* EXERCISE BRIEF
Every entry is to be returned exactly as it stands; the pictures are to be dropped.

Caption-style text data:

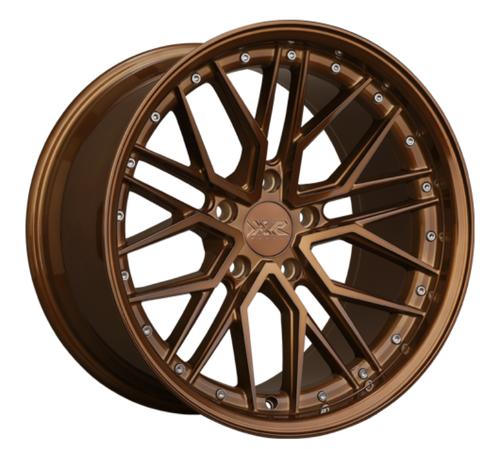 Xxr 571 Wheels Rims 18x8.5 5x114.3 Liquid Bronze 25mm | 571886667
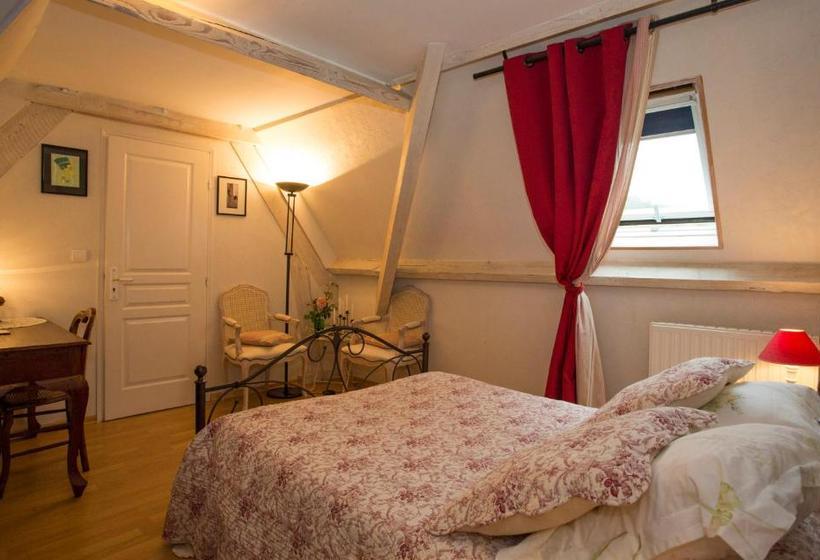 Bed and Breakfast Chambres D'hôtes Etché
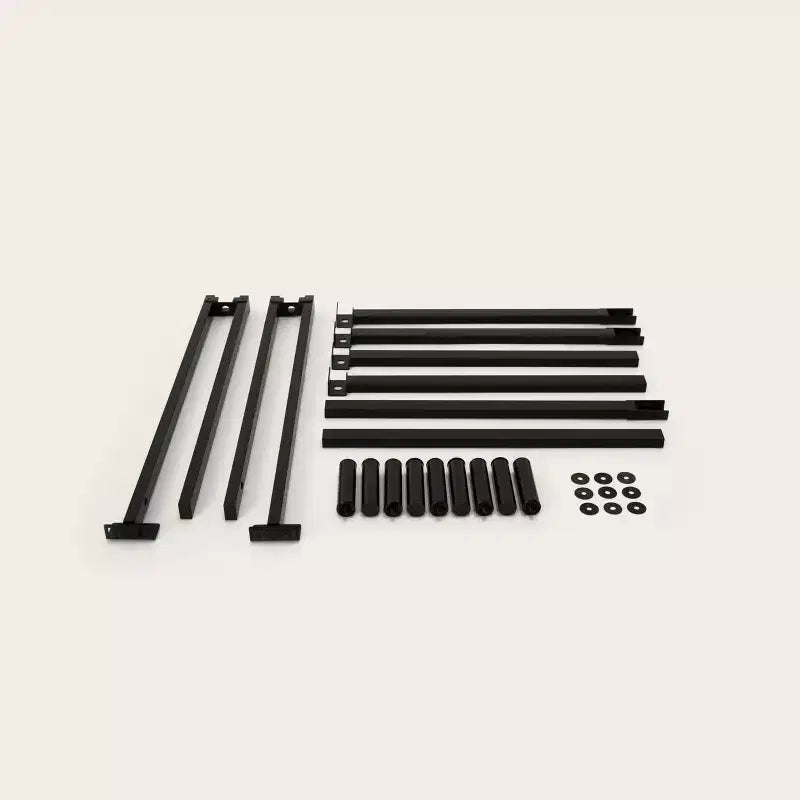 Metal Bed Base Black - Tuft & Needle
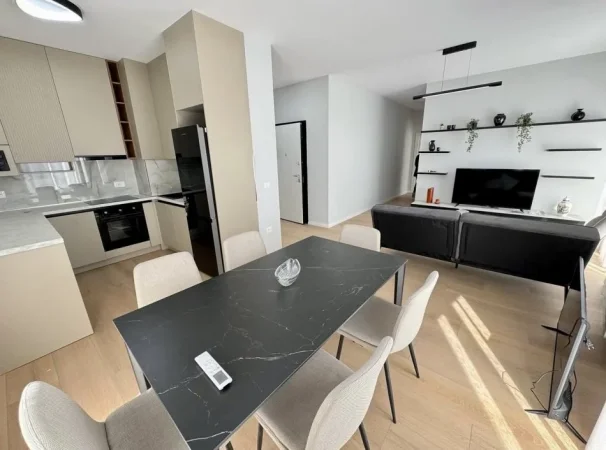 Tirane, jepet me qera apartament 2+1+Aneks+Ballkon Kati 5, 120 m² 900 € (Ali Demi)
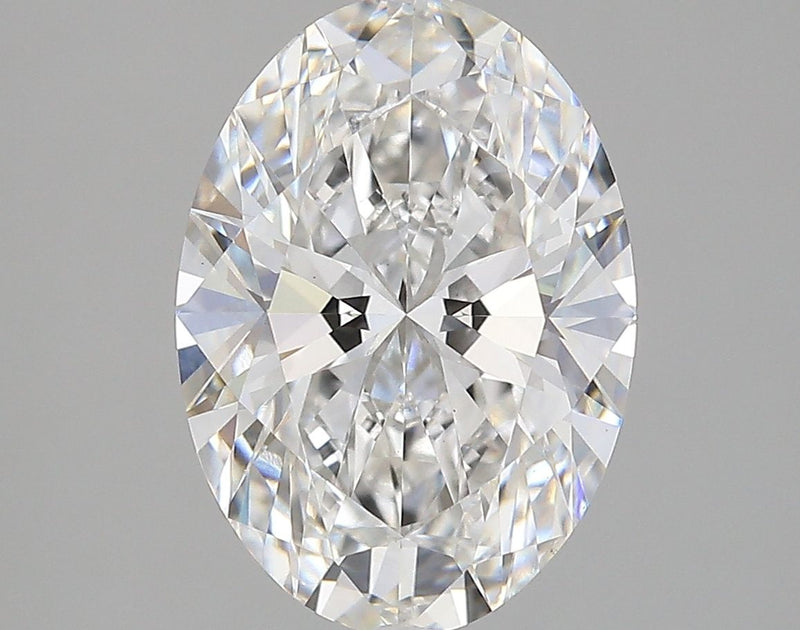 4.10-CARAT Oval DIAMOND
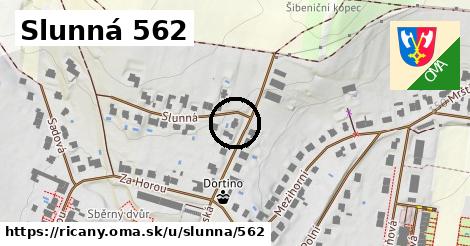 Slunná 562, Říčany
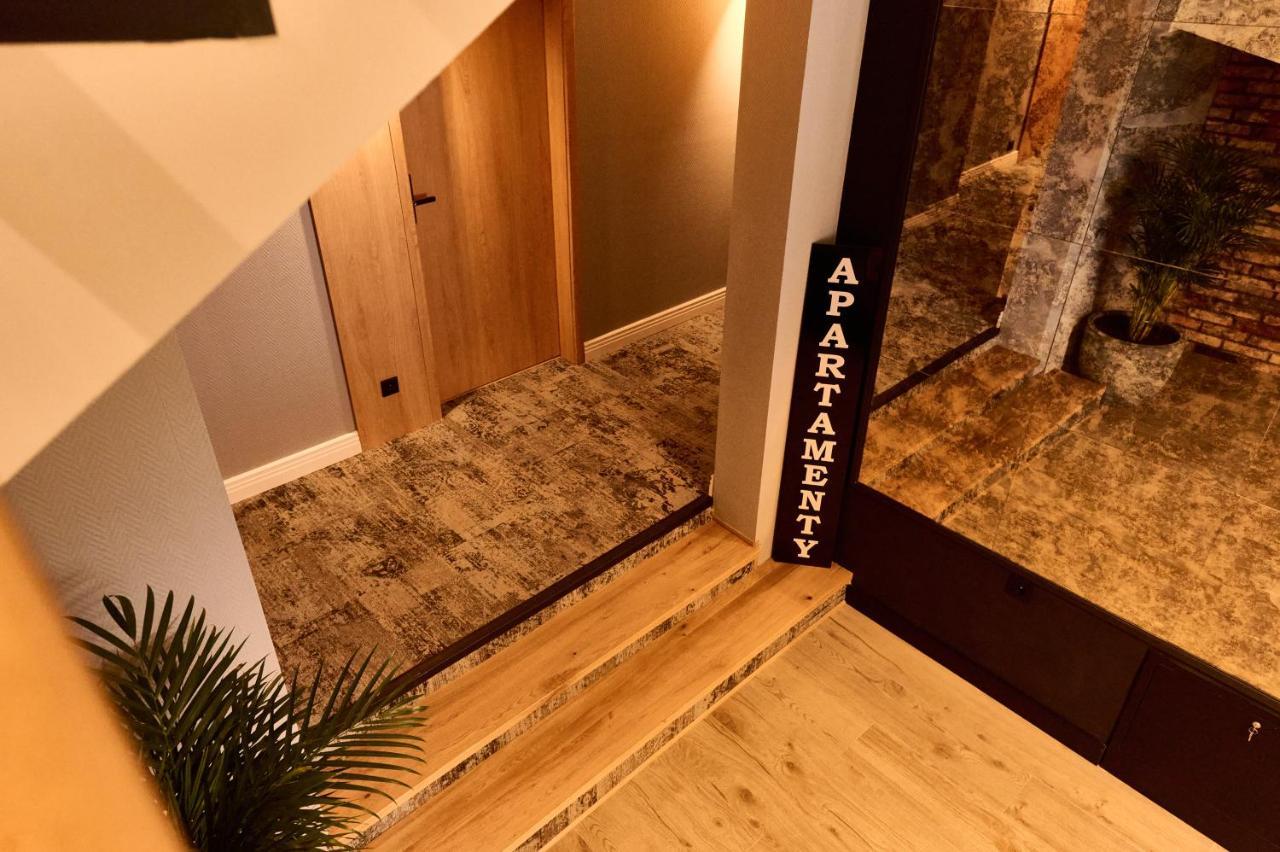 פלוק Apartamenty Na Skarpie מראה חיצוני תמונה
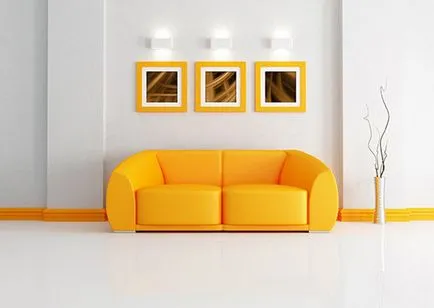 Cum să stea o imagine sau o fotografie pe perete - reguli, sfaturi și idei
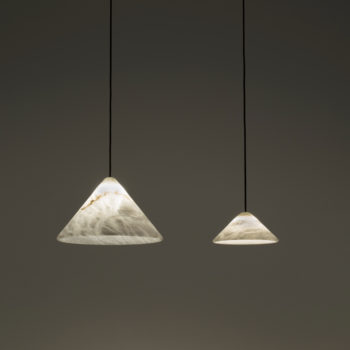 fuji hanging lamp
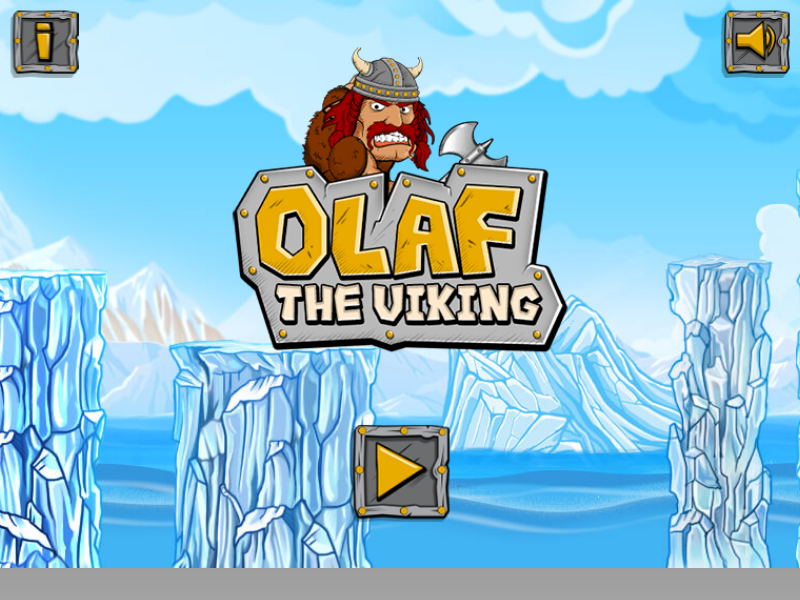 Play Olaf the Viking online for free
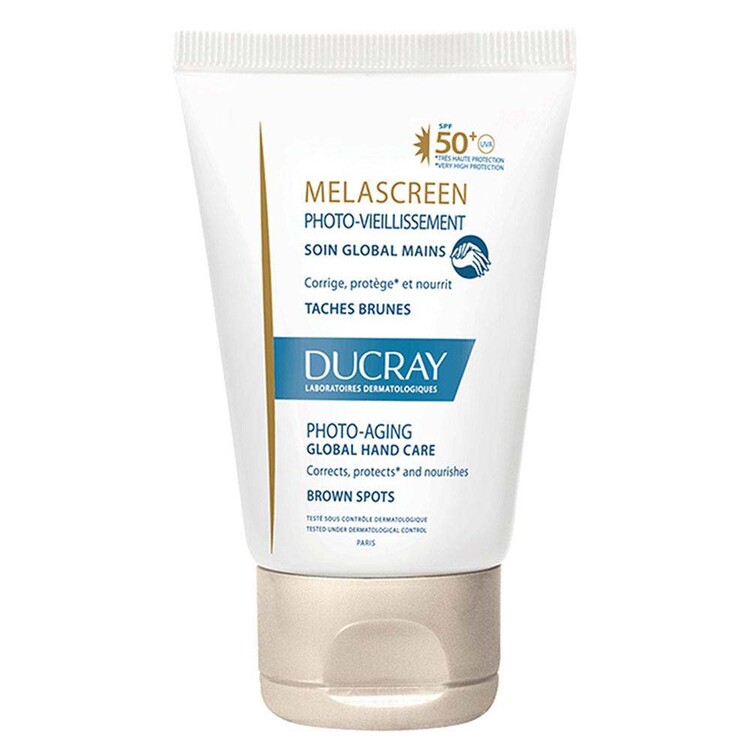 Ducray - Ducray Melascreen Photo-Aging Global Hand Care SPF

* EXPECTED ANSWER
 Xxr 571 Wheels Rims 18x8.5 5x114.3 Liquid Bronze 25mm | 571886667
 Bed and Breakfast Chambres D'hôtes Etché
 Metal Bed Base Black - Tuft & Needle
 Tirane, jepet me qera apartament 2+1+Aneks+Ballkon Kati 5, 120 m² 900 € (Ali Demi)
 4.10-CARAT Oval DIAMOND
 Slunná 562, Říčany
 פלוק Apartamenty Na Skarpie מראה חיצוני תמונה
 Cum să stea o imagine sau o fotografie pe perete - reguli, sfaturi și idei
 fuji hanging lamp
 Play Olaf the Viking online for free
 Ducray - Ducray Melascreen Photo-Aging Global Hand Care SPF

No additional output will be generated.